§ **Work to be completed**:
What is needed is the number of lines in the data below that include "white", stated by itself.

§ **Records for this task**:
○ ○ ○
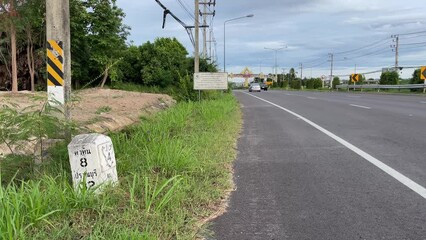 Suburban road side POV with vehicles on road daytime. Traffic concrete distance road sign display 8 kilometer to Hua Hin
○ ○ ○
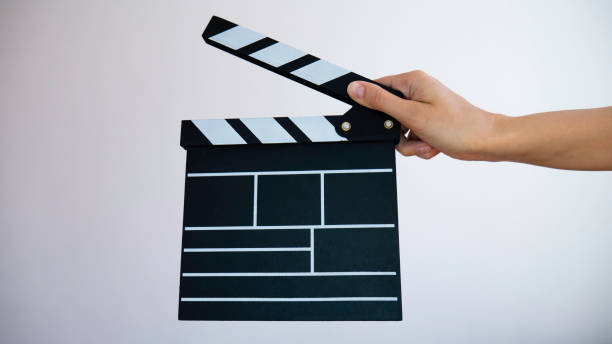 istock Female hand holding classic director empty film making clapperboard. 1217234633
○ ○ ○
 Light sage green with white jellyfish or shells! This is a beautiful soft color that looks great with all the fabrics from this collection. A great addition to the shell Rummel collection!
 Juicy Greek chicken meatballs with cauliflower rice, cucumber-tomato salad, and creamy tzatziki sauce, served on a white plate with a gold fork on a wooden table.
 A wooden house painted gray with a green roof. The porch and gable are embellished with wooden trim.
○ ○ ○
§ **Exercise result**:
2